Brief:
After finding the line containing "Fresh paint and" below, please output that line and each following one through the line containing "Eliud Kipchoge enjoys", exactly as written.

[Crawled caption data]
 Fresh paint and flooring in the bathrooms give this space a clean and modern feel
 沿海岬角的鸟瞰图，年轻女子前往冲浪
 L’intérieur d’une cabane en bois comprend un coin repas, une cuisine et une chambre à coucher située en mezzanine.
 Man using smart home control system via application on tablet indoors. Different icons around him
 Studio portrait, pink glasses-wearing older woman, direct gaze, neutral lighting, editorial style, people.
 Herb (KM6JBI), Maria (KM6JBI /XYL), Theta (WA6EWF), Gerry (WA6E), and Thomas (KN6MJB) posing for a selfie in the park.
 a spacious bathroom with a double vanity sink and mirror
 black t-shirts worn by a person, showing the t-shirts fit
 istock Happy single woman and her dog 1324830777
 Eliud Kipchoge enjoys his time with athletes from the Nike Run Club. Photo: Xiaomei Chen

==

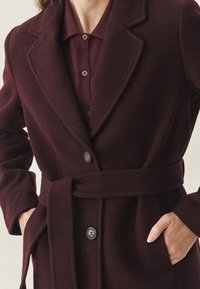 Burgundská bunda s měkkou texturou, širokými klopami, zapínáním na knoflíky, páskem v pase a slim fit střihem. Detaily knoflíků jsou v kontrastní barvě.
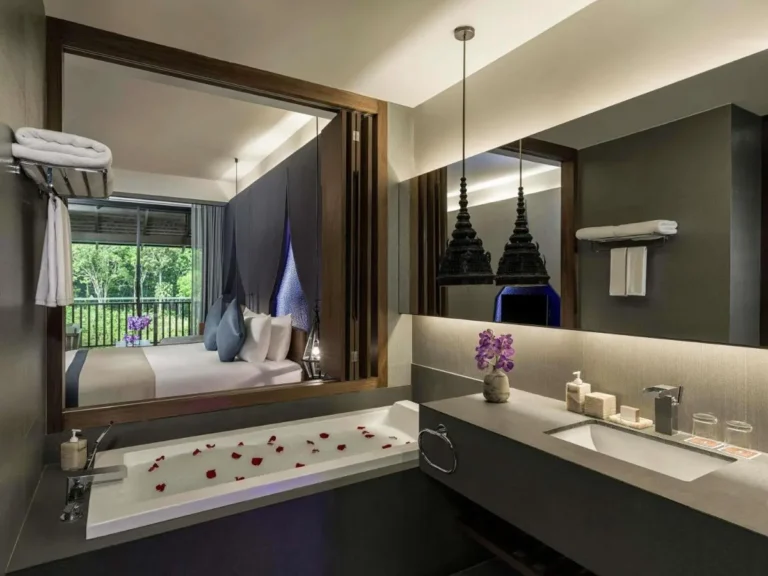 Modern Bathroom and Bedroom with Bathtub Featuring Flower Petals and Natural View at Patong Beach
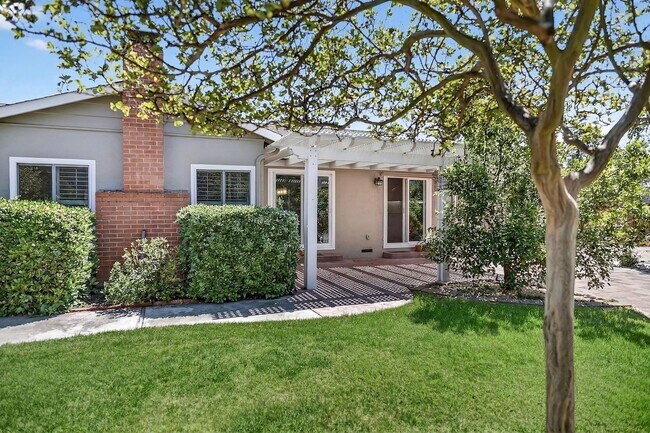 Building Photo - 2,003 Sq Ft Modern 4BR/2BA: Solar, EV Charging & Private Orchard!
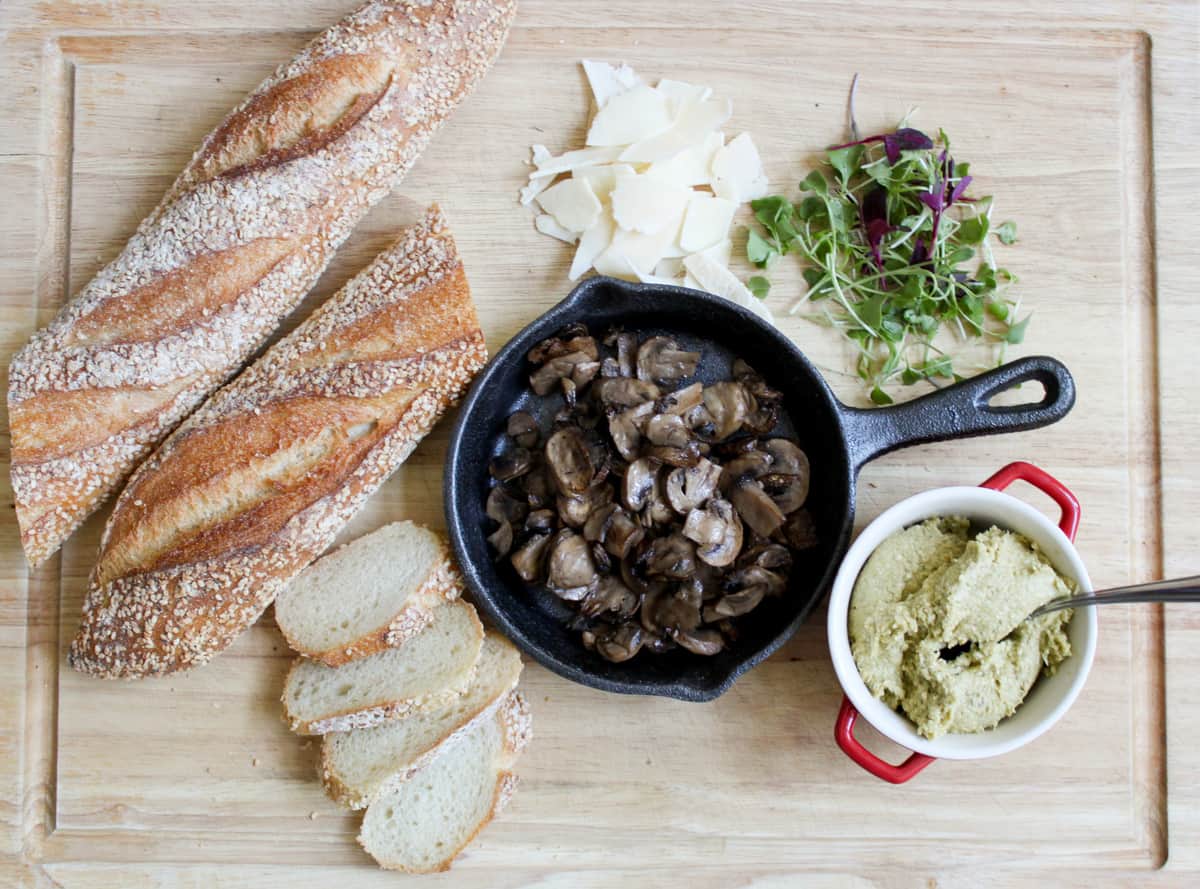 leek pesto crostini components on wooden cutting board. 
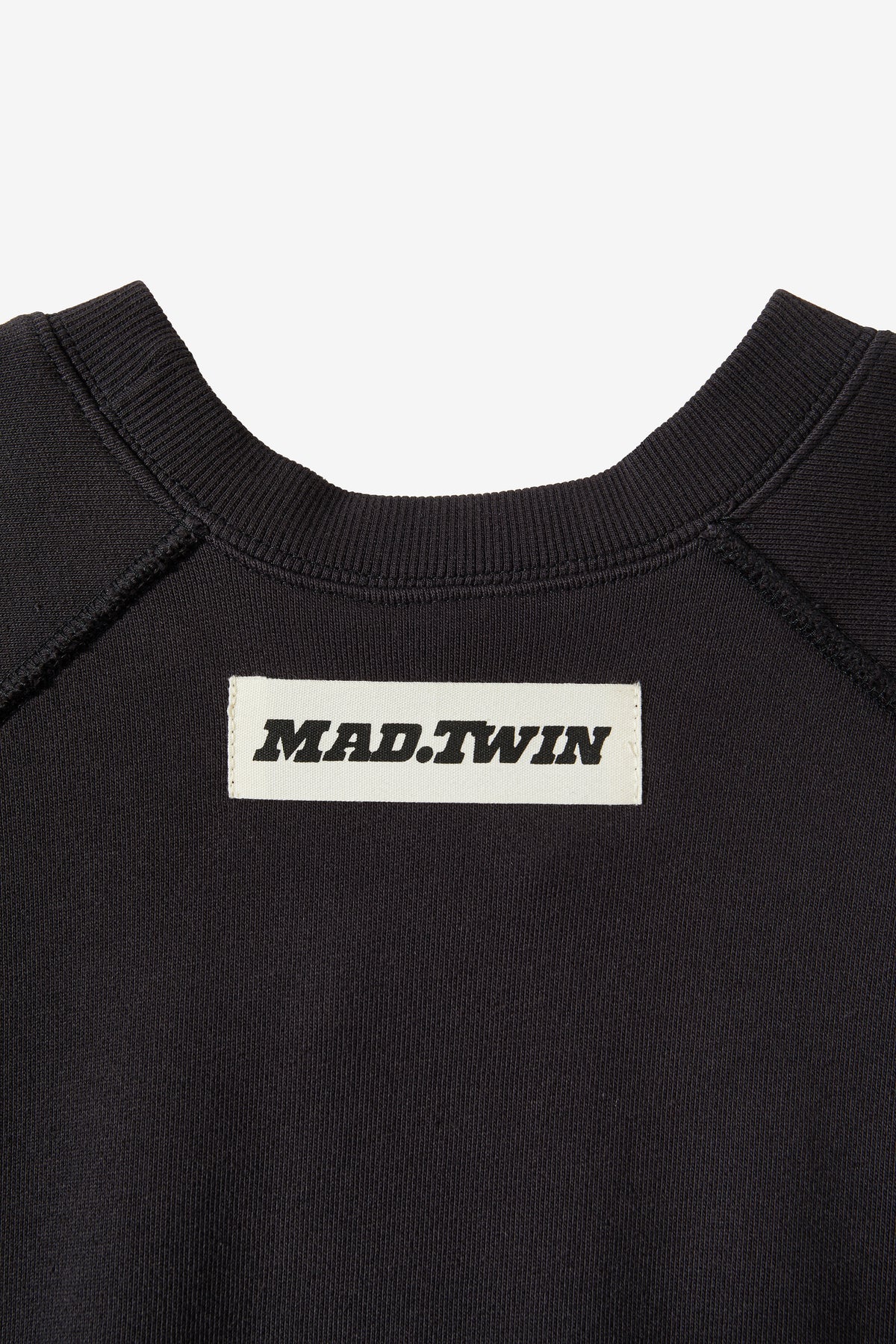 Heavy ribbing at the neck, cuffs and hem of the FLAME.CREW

Solution:
 Fresh paint and flooring in the bathrooms give this space a clean and modern feel
 沿海岬角的鸟瞰图，年轻女子前往冲浪
 L’intérieur d’une cabane en bois comprend un coin repas, une cuisine et une chambre à coucher située en mezzanine.
 Man using smart home control system via application on tablet indoors. Different icons around him
 Studio portrait, pink glasses-wearing older woman, direct gaze, neutral lighting, editorial style, people.
 Herb (KM6JBI), Maria (KM6JBI /XYL), Theta (WA6EWF), Gerry (WA6E), and Thomas (KN6MJB) posing for a selfie in the park.
 a spacious bathroom with a double vanity sink and mirror
 black t-shirts worn by a person, showing the t-shirts fit
 istock Happy single woman and her dog 1324830777
 Eliud Kipchoge enjoys his time with athletes from the Nike Run Club. Photo: Xiaomei Chen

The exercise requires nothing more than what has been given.